Monday, July 4, 2016

The Uniquely American Friendship of Jefferson and Adams

"Adams and Jefferson could hardly have appeared less alike. Adams was eight years older and about five inches shorter, as thoroughgoing a New Englander as Jefferson was a Virginian. Adams had difficulty holding his tongue or his temper; Jefferson was a master of keeping his emotions in check. Yet the two men — and, in time, Abigail, Adams' wonderful wife — were to forge one of the greatest and most complicated alliances in American history."

Jon Meacham, "Thomas Jefferson: The Art of Power"

I have always been fascinated by the stories in American history, and there may be no more intriguing story in the history of this great nation than the relationship between two of its Founding Fathers, John Adams and Thomas Jefferson. For several reasons, their friendship is worth reflecting on as we celebrate the nation's 240th birthday — and observe the 190th anniversary of both Adams' and Jefferson's deaths.

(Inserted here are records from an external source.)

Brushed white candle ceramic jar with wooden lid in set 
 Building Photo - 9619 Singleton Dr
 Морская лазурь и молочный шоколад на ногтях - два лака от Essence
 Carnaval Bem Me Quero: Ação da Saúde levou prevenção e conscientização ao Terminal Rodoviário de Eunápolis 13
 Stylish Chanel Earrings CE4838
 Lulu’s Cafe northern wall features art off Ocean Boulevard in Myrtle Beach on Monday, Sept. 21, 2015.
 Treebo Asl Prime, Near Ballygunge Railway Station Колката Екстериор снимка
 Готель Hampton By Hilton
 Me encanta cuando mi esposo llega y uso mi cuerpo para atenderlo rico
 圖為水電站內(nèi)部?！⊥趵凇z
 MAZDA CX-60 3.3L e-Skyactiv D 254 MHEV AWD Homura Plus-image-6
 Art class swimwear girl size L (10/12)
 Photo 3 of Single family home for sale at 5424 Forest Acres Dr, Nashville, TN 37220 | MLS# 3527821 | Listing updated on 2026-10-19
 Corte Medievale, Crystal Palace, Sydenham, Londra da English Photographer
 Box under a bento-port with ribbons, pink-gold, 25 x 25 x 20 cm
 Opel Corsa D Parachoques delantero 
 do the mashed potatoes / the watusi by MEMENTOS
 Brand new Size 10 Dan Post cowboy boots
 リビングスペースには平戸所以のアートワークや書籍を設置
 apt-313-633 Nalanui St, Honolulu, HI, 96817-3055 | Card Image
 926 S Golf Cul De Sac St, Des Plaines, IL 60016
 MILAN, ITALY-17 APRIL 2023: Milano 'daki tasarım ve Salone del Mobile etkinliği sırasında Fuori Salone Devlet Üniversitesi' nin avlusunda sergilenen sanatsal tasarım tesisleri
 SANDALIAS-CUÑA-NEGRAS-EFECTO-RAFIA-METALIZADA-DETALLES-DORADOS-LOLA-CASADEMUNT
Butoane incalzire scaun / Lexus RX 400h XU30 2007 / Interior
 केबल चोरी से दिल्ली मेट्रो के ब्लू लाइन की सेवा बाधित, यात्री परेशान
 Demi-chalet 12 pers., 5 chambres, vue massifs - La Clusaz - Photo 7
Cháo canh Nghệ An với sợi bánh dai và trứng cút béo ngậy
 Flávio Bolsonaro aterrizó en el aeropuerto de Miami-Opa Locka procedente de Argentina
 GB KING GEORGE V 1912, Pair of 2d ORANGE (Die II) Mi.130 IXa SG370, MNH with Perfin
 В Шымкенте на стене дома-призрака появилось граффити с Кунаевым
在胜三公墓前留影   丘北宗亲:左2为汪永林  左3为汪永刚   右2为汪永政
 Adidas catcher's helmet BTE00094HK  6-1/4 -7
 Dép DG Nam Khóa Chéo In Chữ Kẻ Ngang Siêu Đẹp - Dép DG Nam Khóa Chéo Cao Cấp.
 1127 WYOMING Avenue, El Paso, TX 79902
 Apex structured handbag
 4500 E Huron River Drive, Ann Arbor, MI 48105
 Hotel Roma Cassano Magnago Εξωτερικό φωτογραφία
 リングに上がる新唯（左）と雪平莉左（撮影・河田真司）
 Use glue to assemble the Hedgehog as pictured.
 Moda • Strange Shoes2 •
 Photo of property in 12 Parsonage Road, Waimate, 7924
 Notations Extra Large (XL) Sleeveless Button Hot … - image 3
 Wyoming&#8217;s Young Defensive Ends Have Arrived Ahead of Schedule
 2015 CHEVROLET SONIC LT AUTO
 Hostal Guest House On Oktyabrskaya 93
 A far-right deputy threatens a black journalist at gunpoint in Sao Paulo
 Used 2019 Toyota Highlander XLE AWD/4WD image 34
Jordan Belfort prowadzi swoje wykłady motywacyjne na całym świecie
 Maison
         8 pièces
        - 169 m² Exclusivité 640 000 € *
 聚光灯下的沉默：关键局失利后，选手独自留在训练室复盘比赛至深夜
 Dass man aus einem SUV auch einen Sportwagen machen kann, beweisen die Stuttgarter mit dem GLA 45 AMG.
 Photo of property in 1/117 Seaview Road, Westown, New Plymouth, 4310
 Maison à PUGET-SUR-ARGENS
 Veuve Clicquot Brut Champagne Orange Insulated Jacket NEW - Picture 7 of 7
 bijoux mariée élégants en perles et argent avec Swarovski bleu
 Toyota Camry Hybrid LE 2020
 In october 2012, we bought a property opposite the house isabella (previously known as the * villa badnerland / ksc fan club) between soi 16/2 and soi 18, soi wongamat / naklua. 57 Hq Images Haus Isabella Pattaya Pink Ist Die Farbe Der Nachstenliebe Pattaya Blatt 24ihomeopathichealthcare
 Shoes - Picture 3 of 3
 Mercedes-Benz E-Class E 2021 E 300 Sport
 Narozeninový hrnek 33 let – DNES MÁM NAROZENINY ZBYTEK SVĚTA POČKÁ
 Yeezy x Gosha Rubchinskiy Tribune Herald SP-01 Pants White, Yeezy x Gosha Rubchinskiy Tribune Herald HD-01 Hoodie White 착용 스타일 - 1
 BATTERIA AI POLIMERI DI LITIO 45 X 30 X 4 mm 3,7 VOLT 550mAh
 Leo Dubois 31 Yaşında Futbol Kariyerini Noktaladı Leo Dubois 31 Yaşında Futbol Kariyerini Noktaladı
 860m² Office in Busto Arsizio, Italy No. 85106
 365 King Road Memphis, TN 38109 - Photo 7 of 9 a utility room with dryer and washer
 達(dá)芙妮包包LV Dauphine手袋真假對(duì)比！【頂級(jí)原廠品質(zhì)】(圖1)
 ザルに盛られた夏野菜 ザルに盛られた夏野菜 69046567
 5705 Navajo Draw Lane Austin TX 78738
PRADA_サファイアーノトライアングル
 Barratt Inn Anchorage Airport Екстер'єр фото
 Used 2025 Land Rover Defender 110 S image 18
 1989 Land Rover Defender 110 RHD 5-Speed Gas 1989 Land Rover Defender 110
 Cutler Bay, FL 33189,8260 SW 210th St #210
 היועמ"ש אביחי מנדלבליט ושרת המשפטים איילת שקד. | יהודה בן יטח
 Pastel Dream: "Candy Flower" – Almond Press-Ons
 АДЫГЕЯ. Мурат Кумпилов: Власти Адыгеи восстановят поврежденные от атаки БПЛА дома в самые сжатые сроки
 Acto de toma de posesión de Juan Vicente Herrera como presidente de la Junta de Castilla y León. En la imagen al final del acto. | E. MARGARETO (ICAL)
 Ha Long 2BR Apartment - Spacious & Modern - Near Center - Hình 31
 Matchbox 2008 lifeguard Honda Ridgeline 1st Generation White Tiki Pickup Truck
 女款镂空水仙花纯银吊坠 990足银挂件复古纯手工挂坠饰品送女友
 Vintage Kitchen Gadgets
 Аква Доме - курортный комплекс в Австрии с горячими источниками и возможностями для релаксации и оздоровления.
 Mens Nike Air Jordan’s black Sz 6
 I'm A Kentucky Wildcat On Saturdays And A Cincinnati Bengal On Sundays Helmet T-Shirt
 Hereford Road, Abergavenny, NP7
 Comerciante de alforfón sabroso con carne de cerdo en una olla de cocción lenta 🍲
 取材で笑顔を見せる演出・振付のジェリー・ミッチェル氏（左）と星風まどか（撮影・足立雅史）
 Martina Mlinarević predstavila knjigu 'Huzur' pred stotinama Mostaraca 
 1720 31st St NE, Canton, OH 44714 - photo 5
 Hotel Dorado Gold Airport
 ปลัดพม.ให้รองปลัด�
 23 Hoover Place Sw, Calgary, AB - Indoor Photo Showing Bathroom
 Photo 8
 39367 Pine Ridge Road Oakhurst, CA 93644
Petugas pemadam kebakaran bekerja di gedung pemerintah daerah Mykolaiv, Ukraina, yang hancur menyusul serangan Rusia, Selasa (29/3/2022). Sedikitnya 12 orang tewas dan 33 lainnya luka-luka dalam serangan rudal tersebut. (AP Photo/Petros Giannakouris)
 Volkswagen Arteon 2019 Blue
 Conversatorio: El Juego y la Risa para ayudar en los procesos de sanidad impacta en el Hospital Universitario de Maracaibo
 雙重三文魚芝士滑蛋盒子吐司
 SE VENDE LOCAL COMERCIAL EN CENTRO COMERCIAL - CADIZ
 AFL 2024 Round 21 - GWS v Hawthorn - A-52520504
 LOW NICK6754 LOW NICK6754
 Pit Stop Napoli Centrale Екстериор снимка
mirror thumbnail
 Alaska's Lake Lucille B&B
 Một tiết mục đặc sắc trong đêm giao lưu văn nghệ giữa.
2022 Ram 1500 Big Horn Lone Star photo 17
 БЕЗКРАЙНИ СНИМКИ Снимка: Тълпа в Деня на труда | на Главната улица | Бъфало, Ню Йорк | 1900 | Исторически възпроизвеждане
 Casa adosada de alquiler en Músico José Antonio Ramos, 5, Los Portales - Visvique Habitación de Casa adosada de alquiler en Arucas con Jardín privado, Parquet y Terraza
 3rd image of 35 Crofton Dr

Bearing in mind that political labels of the 21st century are wholly inadequate for describing the politics of 18th– and 19th–century men, they are still useful in enabling those of our time to get an idea where those men might stand on the modern political spectrum. It really isn't that much different from comparing baseball players of different eras — i.e., Babe Ruth vs. Hank Aaron or Barry Bonds. They played in different ballparks against a different caliber of competition. Ruth didn't play as many games in a season as Aaron and Bonds did, nor did he play when there were playoffs other than the World Series (unless two teams were tied atop their league standings at the end of the regular season).

And they didn't play night games during the Bambino's career. They did play quite a few doubleheaders, which were increasingly rare in Aaron's day and virtually nonexistent in Bonds'.

But, anyway ...

I would describe Jefferson as something of a libertarian, perhaps even a bit radical for his day. Adams was more of a strait–laced conservative — and the more emotional of the two.

Now, I must caution the reader that these labels must be seen in the context of the times. We have conservatives and liberals and libertarians today, but the issues are different — and America is different. Today the United States is a superpower. In the 18th century, it was small and fragile. In 1790, there were fewer than 4 million people living in the United States. There are more than 320 million today, and the Census Bureau projects a population of 417 million by 2060.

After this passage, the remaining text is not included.